家事代行のアルバイトを始めたら学園一の美少女の家族に気に入られちゃいました。
- Genre: Romantic comedy
- Written by: Shiohon
- Published by: Shōsetsuka ni Narō
- Original run: May 22, 2023 – present
- Written by: Shiohon
- Illustrated by: Ell Akino
- Published by: SB Creative
- Imprint: GA Bunko
- Original run: April 14, 2024 – present
- Volumes: 6
- Written by: Shiohon
- Illustrated by: Urua
- Published by: ASCII Media Works
- Imprint: Dengeki Comics NEXT
- Magazine: Dengeki Daioh
- Original run: September 27, 2024 – present
- Volumes: 2

= Kajidaikō no Arubaito o Hajimetara Gakuen Ichi no Bishōjo no Kazoku ni Kiniirarechaimashita =

Japanese light novel series

Kajidaikō no Arubaito o Hajimetara Gakuen Ichi no Bishōjo no Kazoku ni Kiniirarechaimashita (家事代行のアルバイトを始めたら学園一の美少女の家族に気に入られちゃいました。) is a Japanese light novel series written by Shiohon and illustrated by Ell Akino. It was originally serialized as a web novel on the web service Shōsetsuka ni Narō beginning in May 2023, before beginning publication as a light novel under SB Creative's GA Bunko imprint in April 2024. Six volumes have been released as of June 2026. A manga adaptation illustrated by Urua began serialization in ASCII Media Works's Dengeki Daioh magazine in September 2024 and has been compiled into two tankōbon volumes as of March 2026.

==Plot==
The series follows Haruto Ōtsuki, a second-year high school student, who takes up a part-time housekeeping job during summer vacation.

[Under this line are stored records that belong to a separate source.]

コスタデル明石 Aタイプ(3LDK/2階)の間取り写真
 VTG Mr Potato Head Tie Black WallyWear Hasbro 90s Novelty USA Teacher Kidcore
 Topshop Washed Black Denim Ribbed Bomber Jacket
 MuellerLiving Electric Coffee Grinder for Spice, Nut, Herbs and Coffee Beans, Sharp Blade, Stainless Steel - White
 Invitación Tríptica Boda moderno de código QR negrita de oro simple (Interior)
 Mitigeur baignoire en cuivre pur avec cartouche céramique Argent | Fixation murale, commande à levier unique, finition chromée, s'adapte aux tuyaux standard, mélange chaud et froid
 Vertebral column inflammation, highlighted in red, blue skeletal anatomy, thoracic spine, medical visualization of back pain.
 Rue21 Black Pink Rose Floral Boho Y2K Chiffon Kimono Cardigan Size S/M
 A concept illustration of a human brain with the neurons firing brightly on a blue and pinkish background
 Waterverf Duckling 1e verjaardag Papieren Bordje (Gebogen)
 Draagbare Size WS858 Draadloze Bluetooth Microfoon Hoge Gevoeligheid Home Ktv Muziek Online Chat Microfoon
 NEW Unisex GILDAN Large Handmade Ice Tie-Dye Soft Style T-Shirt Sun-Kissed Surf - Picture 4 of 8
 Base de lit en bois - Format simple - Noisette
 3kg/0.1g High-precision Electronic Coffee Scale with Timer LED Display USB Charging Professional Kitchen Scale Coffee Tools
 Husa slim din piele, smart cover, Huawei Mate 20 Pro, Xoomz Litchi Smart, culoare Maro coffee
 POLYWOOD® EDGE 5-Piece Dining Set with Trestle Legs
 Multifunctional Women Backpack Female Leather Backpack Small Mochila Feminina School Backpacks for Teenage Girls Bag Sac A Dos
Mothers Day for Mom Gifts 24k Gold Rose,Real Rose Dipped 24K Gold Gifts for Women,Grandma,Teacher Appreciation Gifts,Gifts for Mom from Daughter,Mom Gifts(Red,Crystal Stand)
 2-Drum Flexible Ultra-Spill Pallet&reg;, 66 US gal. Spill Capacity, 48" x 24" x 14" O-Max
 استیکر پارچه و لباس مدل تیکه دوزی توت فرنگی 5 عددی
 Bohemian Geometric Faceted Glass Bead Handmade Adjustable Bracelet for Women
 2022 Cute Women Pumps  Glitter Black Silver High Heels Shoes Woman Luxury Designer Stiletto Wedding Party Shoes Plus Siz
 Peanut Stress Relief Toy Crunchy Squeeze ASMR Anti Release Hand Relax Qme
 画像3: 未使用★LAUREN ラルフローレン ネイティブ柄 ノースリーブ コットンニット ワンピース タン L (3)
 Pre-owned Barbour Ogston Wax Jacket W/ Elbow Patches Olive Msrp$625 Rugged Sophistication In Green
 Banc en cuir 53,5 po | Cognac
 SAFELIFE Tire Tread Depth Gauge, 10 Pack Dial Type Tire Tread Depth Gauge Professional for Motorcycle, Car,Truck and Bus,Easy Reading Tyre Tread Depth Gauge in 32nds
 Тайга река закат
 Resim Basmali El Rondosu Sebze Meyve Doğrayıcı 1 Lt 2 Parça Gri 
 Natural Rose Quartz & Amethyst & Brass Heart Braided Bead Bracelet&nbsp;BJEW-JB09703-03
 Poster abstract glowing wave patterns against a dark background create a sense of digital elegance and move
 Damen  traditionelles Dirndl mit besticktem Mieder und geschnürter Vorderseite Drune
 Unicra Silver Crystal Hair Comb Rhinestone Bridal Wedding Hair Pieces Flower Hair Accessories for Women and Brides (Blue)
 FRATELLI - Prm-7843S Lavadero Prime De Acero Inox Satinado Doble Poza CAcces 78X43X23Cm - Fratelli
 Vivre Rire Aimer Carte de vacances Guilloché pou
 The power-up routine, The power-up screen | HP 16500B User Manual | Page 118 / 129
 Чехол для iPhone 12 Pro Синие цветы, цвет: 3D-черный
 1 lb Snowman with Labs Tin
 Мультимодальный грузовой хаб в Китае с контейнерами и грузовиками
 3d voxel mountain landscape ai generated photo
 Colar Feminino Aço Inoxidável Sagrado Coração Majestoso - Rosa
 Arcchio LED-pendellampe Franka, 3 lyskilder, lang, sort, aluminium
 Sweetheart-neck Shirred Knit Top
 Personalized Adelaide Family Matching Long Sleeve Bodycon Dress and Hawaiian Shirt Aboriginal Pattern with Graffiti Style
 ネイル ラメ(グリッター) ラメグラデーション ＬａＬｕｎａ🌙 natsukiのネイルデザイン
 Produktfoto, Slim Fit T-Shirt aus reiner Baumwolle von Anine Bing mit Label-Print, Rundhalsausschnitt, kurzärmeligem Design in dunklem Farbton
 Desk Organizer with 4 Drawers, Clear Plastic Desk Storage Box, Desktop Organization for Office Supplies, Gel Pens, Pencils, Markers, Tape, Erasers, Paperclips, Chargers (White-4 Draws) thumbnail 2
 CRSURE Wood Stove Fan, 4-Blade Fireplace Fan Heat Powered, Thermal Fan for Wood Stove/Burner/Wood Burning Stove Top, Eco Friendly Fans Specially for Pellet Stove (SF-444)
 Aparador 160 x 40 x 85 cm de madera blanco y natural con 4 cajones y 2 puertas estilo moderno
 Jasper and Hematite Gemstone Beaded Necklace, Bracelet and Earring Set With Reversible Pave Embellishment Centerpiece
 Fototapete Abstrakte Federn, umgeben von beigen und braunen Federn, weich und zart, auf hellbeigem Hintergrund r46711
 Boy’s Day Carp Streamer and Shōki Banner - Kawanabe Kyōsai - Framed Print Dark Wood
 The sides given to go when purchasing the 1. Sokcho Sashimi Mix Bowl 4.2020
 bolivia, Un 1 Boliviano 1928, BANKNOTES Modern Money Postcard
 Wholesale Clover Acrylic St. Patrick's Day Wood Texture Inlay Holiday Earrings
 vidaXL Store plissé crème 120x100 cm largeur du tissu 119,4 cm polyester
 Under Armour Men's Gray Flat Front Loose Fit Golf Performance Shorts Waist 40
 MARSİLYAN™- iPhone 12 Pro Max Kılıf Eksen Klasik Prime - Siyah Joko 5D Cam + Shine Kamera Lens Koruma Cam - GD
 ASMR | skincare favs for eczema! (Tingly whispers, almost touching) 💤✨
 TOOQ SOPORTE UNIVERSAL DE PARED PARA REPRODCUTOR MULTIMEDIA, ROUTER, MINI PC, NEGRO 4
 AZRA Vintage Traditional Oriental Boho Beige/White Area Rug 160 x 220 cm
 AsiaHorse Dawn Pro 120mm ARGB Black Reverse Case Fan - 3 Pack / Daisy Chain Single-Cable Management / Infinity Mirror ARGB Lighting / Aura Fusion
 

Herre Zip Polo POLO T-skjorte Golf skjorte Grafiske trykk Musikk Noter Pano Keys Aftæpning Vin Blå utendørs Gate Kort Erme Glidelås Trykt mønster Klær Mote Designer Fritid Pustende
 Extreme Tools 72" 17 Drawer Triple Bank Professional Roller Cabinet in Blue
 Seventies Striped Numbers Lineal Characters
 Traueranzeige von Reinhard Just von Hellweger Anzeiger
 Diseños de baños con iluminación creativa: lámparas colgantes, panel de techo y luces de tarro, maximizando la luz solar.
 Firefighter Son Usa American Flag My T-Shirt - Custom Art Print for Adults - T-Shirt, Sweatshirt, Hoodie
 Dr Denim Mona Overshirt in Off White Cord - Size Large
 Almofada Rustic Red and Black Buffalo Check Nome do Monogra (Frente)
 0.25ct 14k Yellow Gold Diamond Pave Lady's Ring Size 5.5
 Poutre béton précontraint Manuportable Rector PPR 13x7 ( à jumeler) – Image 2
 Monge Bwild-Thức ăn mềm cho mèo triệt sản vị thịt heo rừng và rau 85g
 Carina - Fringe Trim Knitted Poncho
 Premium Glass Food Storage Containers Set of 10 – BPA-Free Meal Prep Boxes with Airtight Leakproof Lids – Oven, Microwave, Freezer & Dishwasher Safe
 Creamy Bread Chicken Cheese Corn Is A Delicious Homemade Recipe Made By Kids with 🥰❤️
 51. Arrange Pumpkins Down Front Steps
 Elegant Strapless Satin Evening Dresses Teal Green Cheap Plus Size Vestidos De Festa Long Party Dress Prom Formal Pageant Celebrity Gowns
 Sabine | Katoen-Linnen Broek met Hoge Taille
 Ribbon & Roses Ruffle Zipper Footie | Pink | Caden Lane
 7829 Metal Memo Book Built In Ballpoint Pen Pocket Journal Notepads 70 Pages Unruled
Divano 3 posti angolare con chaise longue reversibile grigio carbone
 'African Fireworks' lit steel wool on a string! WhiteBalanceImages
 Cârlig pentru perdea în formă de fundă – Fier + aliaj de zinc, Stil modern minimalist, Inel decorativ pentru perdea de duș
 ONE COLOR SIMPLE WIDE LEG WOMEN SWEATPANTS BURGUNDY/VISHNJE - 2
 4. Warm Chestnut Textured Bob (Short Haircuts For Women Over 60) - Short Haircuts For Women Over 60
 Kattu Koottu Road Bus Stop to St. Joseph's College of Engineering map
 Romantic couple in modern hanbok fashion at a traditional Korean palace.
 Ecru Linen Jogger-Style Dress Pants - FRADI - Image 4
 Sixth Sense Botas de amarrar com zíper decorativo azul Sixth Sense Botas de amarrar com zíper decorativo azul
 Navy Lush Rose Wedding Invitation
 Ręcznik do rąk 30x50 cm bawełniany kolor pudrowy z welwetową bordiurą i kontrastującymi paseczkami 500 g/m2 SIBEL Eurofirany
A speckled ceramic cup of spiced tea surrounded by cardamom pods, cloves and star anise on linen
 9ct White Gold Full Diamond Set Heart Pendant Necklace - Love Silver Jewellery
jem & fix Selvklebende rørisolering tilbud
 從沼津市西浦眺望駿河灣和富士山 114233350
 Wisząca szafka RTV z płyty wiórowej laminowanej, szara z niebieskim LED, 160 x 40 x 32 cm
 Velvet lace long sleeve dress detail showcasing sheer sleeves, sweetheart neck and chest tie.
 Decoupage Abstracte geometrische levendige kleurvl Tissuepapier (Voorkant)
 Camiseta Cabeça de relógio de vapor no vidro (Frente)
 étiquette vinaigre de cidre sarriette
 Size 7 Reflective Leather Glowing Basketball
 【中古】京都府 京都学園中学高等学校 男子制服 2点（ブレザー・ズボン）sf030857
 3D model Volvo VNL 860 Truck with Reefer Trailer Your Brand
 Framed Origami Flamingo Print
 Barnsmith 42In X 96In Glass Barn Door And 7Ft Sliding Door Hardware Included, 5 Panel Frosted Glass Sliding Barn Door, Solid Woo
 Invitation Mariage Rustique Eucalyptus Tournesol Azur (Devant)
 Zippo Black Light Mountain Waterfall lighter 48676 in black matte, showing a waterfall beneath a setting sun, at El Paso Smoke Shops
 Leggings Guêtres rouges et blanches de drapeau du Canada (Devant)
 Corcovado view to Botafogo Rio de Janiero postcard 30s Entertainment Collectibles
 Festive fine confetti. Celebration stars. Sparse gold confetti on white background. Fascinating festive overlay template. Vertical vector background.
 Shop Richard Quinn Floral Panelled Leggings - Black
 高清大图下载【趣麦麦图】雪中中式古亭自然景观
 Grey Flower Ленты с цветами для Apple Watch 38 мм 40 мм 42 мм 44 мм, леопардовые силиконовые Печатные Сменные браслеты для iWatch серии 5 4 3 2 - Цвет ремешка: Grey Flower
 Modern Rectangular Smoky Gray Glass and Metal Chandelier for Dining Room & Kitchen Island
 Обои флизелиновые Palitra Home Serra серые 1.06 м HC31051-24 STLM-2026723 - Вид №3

As it turned out, his client is the family of Ayaka Tōjō, the most beautiful and popular girl in school. As Haruto does his work for the Tōjō family, Ayaka and her younger brother Ryōta become more attached to him. Haruto and Ayaka end up going out frequently, later developing feelings for each other.

==Characters==
- Haruto Ōtsuki (大槻 晴翔, Ōtsuki Haruto)
A second-year high school student and the smartest one in class. His parents were killed in a car accident when he was young, leaving him in the care of his grandmother. Despite his best friend Tomoya's urging, he focuses more on part-time work and studying than other activities. He becomes a housekeeper for the Tōjō family, cleanung up after Ayaka's mess.
- Ayaka Tōjō (東條 綾香, Tōjō Ayaka)
Haruto's classmate and the most beautiful and popular girl in school. Despite her reputation, she is a slob at home, unable to clean up her belongings or the house. She and Haruto had never talked to each other before the Tōjō family hired him, but over time the two get closer together. Her parents are both company executives.
- Tomoya Akagi (赤城 友哉, Akagi Tomoya)
Haruto's classmate and best friend. He plays the guitar and is wasteful with his money.
- Ryōta Tōjō (東條 涼太, Tōjō Ryōta)
Ayaka's younger brother, who becomes attached to Haruto whenever he visits.
- Saki Aizawa (藍沢 咲, Aizawa Saki)
Ayaka's childhood friend and classmate. Ayaka often seeks her advice regarding life and love.
- Shizuku Dōjima (堂島 雫, Dōjima Shizuku)
Haruto's childhood friend. She is a first-year student and Haruto's junior at the karate dojo he helps out with.

==Media==
===Light novel===
The series is written by Shiohon, who originally began posting it as a web novel on the online publication platform Shōsetsuka ni Narō on May 22, 2023. It was later picked up for publication by SB Creative, which began publishing it as a light novel under their GA Bunko imprint on April 14, 2024. Six volumes have been published as of June 2026.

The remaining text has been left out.